Hay dos tipos de libros, si los contemplamos desde la perspectiva del paso del tiempo: los que no envejecen y los que sí lo hacen. Y dentro de los que sí acusan el paso del tiempo se podría establecer otra bifurcación: los que envejecen bien y los que envejecen mal. En ocasiones, descubrimos con una infinita tristeza que ciertas obras que nos maravillaron durante la adolescencia o la juventud se nos desmoronan cuando las revisitamos en la madurez. ¿Nos hemos hecho viejos nosotros o han sido ellas? Por instinto de protección (o quizá por una mera cuestión de vanidad), tendemos a creer que son ellas quienes se agrietan, se enmohecen o pierden lustre.
Hacia mis 16 años, más o menos, leí Las corrupciones, de Jesús Torbado, una novela que se publicó el año en que yo nací.

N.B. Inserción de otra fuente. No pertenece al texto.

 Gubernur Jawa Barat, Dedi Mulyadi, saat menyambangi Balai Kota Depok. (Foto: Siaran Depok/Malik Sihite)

Y me fascinó. Me llenó de ventoleras existenciales, de ganas de viajar, de aprender idiomas, de conocer otros mundos alejados del mío. Ahora, casi cuarenta años más tarde, no me produce ninguna impresión. Le veo las costuras, los tics coyunturales, las ideas manidas, los trucos del oficio. ¿Qué conclusión extraigo? Ninguna. O al menos ninguna negativa. Me siento feliz de haber sido un lector juvenil de esta obra, y le tributo una enorme gratitud por las sensaciones que me deparó. Que ahora me deje frío no tiene por qué ser un demérito atribuible sólo a la obra.
Anoto aquí las frases que subrayé con lápiz rojo hacia 1982: “El amor de los hombres es infinito y cada día se alarga y se alarga. Pero a mí se me rompió”. “Un hombre se hace comunista o fraile cuando decide ser feliz de un modo concreto que excluye a todos los demás, o bien cuando alguien le engaña advirtiéndole que sólo allí encontrará la verdadera felicidad que busca”. “Como todo ser inteligente, no se dejaba llevar por ideas prefabricadas, por consignas de partidos”. “Querer corregir a los demás es querer que sean infelices”.